Capital expenditures on the San Juan Basin Royalty Properties located in the state of New Mexico were $156,472 in the second quarter of 2008, a decrease of approximately 53% as compared to $331,109 in the second quarter of 2007. This decrease is due to decreased drilling activity in the second quarter of 2008 when compared to the second quarter of 2007. Operating costs were $398,395 in the second quarter of 2008, a decrease of approximately 9% as compared to $437,922 in the second quarter of 2007. The decrease in operating expenses for the three month period ended June 30, 2008 compared to the same period in 2007 was due to a reduction in lease inspections and a reduction in well workover expenses.

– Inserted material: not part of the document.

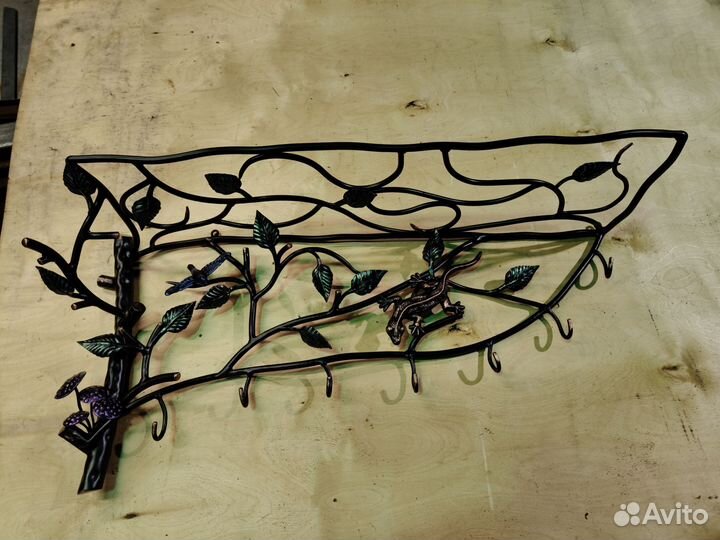 Кованые вешалка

The Trust's interest in the San Juan Basin was conveyed from PNR's working interest in 31,328 net producing acres in northwestern New Mexico and southwestern Colorado.
The costs related to the San Juan Basin, Colorado drilling program were recovered in December 2004. However, subsequent earnings after recovery of costs were not remitted to the Trust until December 2006. The cumulative earnings, including interest on undistributed earnings, reported to the Trust by the working interest owner through November 2006, totaled $1,280,412. In December, BP remitted $978,349 for payment of undistributed earnings from January 2005 through October 2006 and November 2006 earnings for the San Juan properties it operates. In July 2007, Red Willow remitted $159,497 for payment of undistributed earnings from January 2005 through December 2006 for the properties it operates. BP communicated to the Trust these distributions represent all of the previously unpaid revenues. The Trustee is currently investigating the $142,566 difference in the original estimate of unpaid proceeds of $1,280,412 and the payment of $1,137,846. Since Royalty income for the Trust is recorded on a cash basis, the earnings for the year ended December 31, 2006 were not recognized as income until the quarters ended December 31, 2006 and September 30, 2007.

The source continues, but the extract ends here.